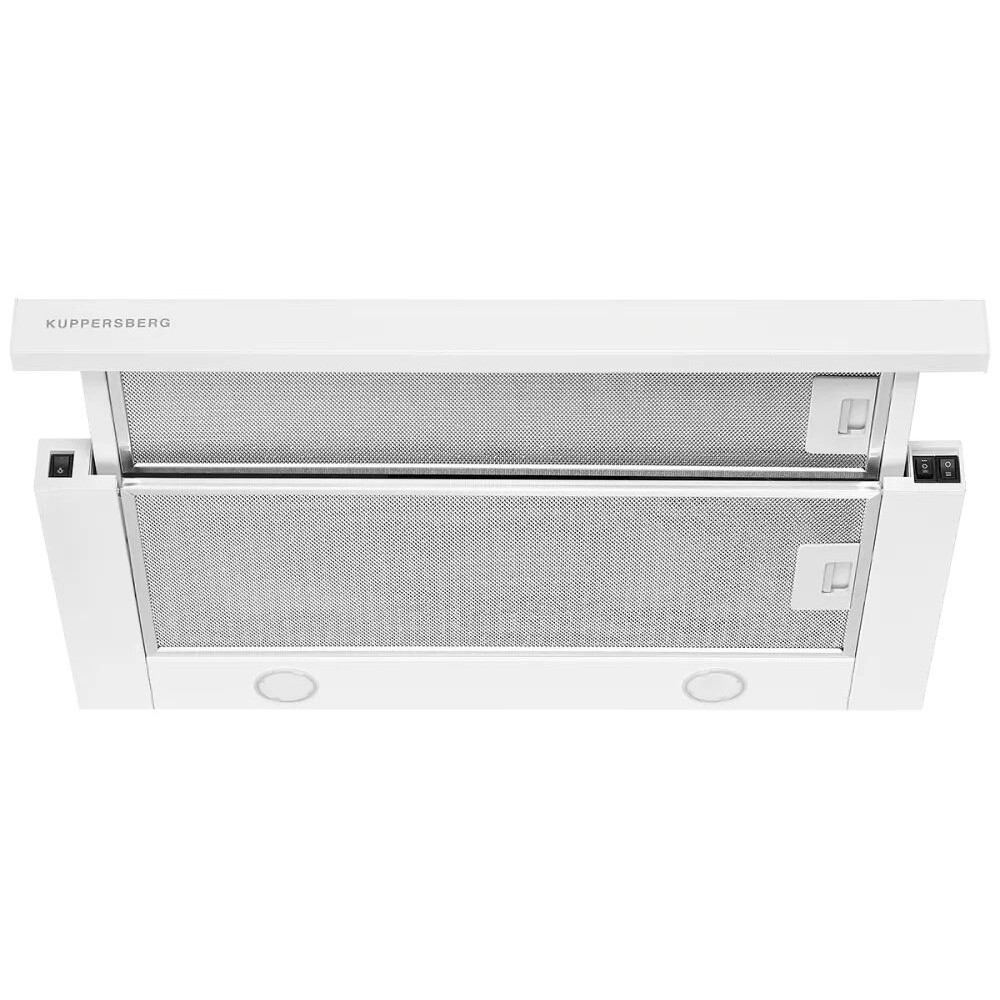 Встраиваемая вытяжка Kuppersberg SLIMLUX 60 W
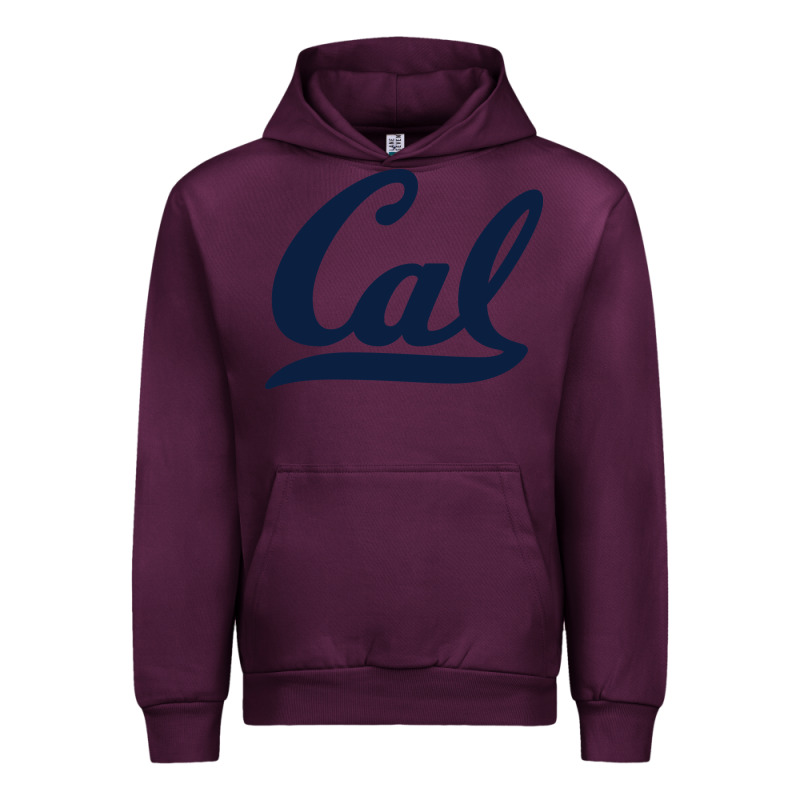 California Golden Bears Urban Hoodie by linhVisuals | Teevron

* * * * *

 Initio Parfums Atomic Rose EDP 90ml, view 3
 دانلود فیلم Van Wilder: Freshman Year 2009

* * * * *

• [Exercise description] Retype word for word everything in the listing above from the line that holds "Initio Parfums Atomic Rose EDP 90ml, view 3" down to the line that holds "دانلود فیلم Van Wilder: Freshman Year 2009". Keep both end lines and leave out the rest.

• [Task result]
 Initio Parfums Atomic Rose EDP 90ml, view 3
 دانلود فیلم Van Wilder: Freshman Year 2009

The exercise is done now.